Globalisation is throwing up new consumer potential in the emerging world and shattering old theories of economic management. Banks failing to track this fast-moving target will be consigned to history.

Globalisation is working itself out in strange and unpredictable ways. It is producing an unexpected and ever-changing list of winners and losers. It is prompting mergers and acquisitions activity and strategic tie-ups that will reshape worldwide business. Most profound of all will be the macroeconomic and monetary impact that threatens to turn current theories on their heads and bring about new thinking in economic management.

The changes are happening so fast that only by constantly re-evaluating their strategies can bankers, company bosses and indeed central bankers be sure that they are truly on the right path. The message is: if you are confidently assuming you have it sorted, think again; you are almost certainly wrong.

Let us consider the hullabaloo in New York about the loss of business to London, especially in the area of initial public offerings (IPOs) from companies in the emerging markets wishing to raise international funds.

Pie enlargement

Those campaigning for an overhaul of the red tape, rules and litigation mania that they claim is losing New York its edge as a world financial centre – as described in this month’s cover story – are definitely right to make the business environment more user friendly. It is a job worth doing and will benefit the New York markets and all those who work in them. But New York’s loss of business is also due to the rise of financial markets in the emerging countries themselves. “The pie is getting bigger and the pieces more evenly distributed,” as one analyst describes the process.

Companies, banks, markets and indeed whole countries have to find their competitive position in the new milieu. Barclays’ recent pitch for ABN AMRO, which, if successful, would create the world’s fifth largest bank, can also be seen in the context of responding to globalisation and the power of new market forces.

Putting together key emerging market franchises would be a fundamental part of any deal. ABN AMRO owns Brazil’s fifth largest bank, Banco Real, while Barclays has South Africa’s second largest player, Absa. Brazil’s 180 million population and South Africa’s 50 million population are two critical parts of the desperately sought and fought after emerging markets growth story. At a stroke, if this deal worked, two great franchises in two of the most significant emerging markets are brought together under the same roof. Hence analysts should be looking less at the potential for cost saving in the UK and the Netherlands, which are comparatively light, and more deeply at the emerging markets growth story. Can Brazilian designed and tested financial products be sold into South Africa?

In a different approach to exploiting the new consumer potential unleashed by globalisation, Citigroup and Vodafone have unveiled a new mobile phone-based international money transfer service aimed at the world’s unbanked. Currently one billion people worldwide hold a bank account but some 2.5 billion have a mobile phone, a figure that is expected to rise to four billion – more than two-thirds of the world’s population – by 2010.

Therefore, if mobile phones can be used by the world’s unbanked to make payments, companies such as Sweden’s telecoms giant Ericsson are all set to clean up. Companies that think differently will win out in this game as opposed to those that merely roll out their existing wares under a new label.
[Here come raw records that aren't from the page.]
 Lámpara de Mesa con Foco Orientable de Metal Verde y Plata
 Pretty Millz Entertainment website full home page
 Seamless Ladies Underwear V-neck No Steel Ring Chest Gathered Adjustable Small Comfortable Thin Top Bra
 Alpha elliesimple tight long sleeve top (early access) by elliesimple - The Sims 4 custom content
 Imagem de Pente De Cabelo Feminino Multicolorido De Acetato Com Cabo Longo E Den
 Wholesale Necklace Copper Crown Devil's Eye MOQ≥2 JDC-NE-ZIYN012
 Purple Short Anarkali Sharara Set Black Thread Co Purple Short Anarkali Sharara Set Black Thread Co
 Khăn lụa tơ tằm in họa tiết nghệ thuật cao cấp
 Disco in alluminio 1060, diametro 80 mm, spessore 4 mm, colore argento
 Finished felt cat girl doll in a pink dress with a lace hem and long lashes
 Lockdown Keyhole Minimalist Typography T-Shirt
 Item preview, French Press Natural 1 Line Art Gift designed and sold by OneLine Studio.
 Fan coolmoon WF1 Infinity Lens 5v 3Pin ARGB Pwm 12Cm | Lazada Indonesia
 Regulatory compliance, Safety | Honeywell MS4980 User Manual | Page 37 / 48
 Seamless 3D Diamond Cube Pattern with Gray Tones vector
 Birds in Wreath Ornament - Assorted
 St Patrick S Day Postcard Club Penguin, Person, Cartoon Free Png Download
Moving on to macroeconomics, a paradigm shifting process like globalisation is indeed constructed of thousands of micro decisions and individual market shifts but the impact at the top level can only be profound. How this impinges on monetary policy is still far from clear but that it will have unforeseen effects is certain.

Some central bankers, in a similar vein to overconfident CEOs, may believe that they have got globalisation figured. Success at bringing down inflation rates has lulled them into a false sense of security and a false view that somehow monetary science has triumphed and inflation totally conquered.

Inflation complacency

Former International Monetary Fund managing director Jacques de Larosiére casts aspersions on this notion in an article in this month’s issue of The Banker. Falling inflation rates, it transpires, may be due less to state-of-the-art monetary policy and more due to factors such as the 40 million low wage earners entering the world labour market every year and their enormous output of low-priced consumer goods.

With financial markets becoming ever more complex in nature, and the creation of new forms of credit, the challenges for central banks (happily skipping from monetary targeting to inflation targeting as a means of coping with a fast-moving object) may be too great to cope with. Central banks may be independent but it may be the entire government, and governments, that have to sit down and work out what to do after the party ends… suddenly, if past experience is anything to go by.